The State must assume the cost of higher education

11-10-21 USAf 0 comment

It is the State’s mandate to finance higher education.

This was the view of Mr Phumelelani Mshumi, President of the Student Representative Council (SRC) at the University of the Western Cape, when addressing delegates at the 2nd Universities South Africa (USAf) Higher Education Conference, last week. The conference, themed The Engaged University, was jointly hosted with the Council on Higher Education (CHE).

Mshumi’s views were in sharp contrast to those of co-speakers in the session dedicated to Sustainable University Funding in an Unequal Society.

Session chair Professor Yunus Ballim, of the University of the Witwatersrand, had stated that “National Student Financial Aid Scheme (NSFAS), for me, is a funder of last resort.”

Mshumi (left) said he did not share this sentiment: “It must be the primary resource for students who want to come to universities but can’t because of financial implications.
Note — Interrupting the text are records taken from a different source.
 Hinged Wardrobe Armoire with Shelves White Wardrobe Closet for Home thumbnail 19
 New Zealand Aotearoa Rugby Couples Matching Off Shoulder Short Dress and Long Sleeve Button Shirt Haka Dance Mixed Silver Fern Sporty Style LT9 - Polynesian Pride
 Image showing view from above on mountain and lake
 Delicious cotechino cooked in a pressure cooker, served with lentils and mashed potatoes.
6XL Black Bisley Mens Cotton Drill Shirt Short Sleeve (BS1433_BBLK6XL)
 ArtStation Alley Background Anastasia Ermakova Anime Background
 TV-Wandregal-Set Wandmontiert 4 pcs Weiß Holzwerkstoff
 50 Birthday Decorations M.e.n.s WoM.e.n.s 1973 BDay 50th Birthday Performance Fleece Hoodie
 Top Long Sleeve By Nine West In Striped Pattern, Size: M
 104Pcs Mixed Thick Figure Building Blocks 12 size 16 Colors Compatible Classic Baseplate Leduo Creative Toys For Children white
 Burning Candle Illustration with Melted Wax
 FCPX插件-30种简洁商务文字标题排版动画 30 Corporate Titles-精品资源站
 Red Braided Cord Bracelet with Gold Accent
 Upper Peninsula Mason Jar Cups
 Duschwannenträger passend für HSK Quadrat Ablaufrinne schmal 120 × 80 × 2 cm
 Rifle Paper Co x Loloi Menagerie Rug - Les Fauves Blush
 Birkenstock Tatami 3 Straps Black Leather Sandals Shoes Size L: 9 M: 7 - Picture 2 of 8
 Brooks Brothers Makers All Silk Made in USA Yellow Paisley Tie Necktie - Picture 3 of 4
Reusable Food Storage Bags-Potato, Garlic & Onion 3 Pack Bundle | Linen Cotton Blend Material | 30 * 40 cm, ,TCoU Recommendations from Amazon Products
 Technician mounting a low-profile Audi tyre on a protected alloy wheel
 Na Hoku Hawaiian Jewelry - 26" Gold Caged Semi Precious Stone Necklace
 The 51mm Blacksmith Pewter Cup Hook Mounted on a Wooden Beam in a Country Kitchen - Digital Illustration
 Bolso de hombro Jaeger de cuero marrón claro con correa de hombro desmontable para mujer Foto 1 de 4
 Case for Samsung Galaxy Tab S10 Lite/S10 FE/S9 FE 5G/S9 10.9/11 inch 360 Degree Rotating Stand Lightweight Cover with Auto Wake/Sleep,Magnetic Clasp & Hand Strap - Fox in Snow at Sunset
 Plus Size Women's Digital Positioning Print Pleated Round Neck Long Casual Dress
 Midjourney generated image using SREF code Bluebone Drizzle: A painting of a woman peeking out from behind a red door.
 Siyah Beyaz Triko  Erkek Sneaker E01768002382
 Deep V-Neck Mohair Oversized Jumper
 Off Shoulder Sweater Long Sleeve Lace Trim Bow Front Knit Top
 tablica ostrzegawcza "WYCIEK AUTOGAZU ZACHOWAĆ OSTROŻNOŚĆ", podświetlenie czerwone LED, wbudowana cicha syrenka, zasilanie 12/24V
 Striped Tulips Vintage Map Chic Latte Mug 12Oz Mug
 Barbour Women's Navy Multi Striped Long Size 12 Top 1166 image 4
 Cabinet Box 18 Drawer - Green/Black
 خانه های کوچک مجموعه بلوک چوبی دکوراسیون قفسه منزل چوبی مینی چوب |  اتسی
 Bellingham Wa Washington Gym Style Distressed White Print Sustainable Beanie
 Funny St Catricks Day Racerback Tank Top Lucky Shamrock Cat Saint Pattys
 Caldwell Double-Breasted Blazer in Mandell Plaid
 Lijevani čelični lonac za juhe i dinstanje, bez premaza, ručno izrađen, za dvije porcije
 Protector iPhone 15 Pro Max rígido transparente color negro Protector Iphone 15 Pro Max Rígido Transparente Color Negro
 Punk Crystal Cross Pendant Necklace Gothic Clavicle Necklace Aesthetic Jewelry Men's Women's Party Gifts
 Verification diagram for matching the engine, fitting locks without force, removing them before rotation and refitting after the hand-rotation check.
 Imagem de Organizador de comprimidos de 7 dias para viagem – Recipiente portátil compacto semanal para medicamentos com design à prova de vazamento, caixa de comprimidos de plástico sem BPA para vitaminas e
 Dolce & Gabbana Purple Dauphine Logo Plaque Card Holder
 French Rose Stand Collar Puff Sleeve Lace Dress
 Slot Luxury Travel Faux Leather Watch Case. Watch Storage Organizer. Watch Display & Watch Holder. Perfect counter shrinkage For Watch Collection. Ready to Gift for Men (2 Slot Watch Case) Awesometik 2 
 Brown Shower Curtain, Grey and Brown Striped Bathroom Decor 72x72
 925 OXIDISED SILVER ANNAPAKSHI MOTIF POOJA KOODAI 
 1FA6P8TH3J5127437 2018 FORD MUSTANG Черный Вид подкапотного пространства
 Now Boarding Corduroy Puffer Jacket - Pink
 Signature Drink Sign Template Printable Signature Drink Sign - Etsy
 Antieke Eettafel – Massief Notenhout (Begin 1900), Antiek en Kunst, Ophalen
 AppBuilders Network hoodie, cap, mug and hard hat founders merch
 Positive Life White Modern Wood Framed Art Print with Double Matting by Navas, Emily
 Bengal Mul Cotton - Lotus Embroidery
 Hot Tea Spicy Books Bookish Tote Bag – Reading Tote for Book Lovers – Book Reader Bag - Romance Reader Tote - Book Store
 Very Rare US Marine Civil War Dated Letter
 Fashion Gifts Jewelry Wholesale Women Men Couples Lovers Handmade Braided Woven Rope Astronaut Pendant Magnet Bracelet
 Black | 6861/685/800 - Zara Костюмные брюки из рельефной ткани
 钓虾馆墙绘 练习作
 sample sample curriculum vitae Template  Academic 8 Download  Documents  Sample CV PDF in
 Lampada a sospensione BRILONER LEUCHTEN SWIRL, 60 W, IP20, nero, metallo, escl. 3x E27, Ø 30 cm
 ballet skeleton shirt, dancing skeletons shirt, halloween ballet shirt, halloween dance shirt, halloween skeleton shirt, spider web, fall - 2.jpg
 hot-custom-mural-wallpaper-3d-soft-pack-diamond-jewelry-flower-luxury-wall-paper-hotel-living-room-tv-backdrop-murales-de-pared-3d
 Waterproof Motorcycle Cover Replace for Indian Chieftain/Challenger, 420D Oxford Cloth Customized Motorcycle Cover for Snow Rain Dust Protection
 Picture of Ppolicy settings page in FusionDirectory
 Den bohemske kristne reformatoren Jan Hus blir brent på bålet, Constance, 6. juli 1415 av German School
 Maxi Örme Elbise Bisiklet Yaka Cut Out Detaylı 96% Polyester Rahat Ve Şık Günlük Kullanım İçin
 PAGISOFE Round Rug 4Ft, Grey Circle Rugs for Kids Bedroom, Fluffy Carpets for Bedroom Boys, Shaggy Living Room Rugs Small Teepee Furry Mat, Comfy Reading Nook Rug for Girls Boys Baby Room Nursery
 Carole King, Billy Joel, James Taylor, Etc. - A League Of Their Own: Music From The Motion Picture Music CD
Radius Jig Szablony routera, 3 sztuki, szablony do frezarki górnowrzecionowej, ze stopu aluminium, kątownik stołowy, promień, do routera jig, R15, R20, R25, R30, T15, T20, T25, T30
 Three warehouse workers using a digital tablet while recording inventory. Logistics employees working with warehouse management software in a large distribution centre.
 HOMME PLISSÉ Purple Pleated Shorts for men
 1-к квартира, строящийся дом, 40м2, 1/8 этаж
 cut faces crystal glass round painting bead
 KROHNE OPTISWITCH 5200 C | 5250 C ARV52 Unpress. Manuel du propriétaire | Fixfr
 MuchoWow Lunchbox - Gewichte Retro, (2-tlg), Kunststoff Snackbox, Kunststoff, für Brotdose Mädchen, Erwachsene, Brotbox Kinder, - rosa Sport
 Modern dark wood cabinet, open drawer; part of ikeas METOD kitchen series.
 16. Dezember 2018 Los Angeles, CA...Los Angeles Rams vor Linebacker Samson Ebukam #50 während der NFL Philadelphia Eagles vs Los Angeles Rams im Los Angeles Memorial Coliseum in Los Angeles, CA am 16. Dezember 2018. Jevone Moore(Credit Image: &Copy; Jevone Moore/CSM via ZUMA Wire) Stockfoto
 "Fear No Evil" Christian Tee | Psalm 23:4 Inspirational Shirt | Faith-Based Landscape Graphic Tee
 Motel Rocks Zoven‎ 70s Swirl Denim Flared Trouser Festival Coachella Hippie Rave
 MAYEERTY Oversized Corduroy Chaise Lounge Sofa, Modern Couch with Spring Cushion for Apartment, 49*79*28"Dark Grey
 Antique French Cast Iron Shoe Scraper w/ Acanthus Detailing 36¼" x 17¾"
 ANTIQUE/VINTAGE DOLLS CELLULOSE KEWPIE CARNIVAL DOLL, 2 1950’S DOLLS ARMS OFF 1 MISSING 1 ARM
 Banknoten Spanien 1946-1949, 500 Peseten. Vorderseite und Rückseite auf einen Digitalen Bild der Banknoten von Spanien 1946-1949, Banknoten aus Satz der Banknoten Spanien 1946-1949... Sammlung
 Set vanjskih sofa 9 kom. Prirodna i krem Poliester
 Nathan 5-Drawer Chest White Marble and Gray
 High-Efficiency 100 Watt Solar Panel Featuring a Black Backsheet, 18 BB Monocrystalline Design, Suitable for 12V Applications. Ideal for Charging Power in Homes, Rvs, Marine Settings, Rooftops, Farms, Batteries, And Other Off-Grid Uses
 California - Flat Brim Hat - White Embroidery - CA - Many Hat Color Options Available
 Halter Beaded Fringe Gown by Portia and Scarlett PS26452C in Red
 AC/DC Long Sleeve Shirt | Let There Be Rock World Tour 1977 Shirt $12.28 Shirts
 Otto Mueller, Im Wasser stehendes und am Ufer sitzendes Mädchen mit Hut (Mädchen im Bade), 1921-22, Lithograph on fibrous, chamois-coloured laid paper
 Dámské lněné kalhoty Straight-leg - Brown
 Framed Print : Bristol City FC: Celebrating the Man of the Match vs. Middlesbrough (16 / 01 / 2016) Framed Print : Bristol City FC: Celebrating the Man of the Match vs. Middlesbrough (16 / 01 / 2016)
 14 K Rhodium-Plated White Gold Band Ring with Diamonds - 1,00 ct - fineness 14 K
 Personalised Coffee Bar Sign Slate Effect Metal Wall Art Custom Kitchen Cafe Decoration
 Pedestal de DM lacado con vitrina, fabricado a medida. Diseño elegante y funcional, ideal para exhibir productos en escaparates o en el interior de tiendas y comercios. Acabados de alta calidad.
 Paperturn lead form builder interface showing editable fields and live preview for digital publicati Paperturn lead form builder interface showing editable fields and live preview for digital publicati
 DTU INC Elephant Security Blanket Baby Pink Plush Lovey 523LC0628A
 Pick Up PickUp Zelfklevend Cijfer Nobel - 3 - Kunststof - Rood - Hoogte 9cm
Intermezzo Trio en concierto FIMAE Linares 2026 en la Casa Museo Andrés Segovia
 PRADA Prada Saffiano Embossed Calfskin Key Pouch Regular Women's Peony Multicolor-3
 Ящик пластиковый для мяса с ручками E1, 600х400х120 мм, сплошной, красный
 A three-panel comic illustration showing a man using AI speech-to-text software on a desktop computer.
There should be no private intervention in the sector as a whole.

Universities, he said, must never be fully autonomous as it relates to funding, stating that:

  • The funding of universities cannot depend on involvement with the private sector. (“Those who fund you control the pace and form of your development.”)
  • Universities are academic spaces that must not be turned into corporate businesses.
  • There must be increased government spending.

Education is free. Freedom of education shall be enjoyed under the condition fixed by law and under the supreme control of the state” – Karl Marx, Das Kapital, as referenced in the presentation by Phumelelani Mshumi

Explained Mshumi: “Supreme control, as referred to by Karl Marx, means the complete funding of the university by the state. However, (in South Africa) the state is not fulfilling the critical role it needs to play for the realisation of its mandate.

“An interpretation of the Marx quote means that the state can change the law of the land. The oligarchs of the banking and mining sector can be compelled, by law, to give funding to universities. It’s just a pity that it’s not being done.”

He acknowledged that the issue of funding is complex in a country with increasing public debt and a shrinking economy made worse by corruption.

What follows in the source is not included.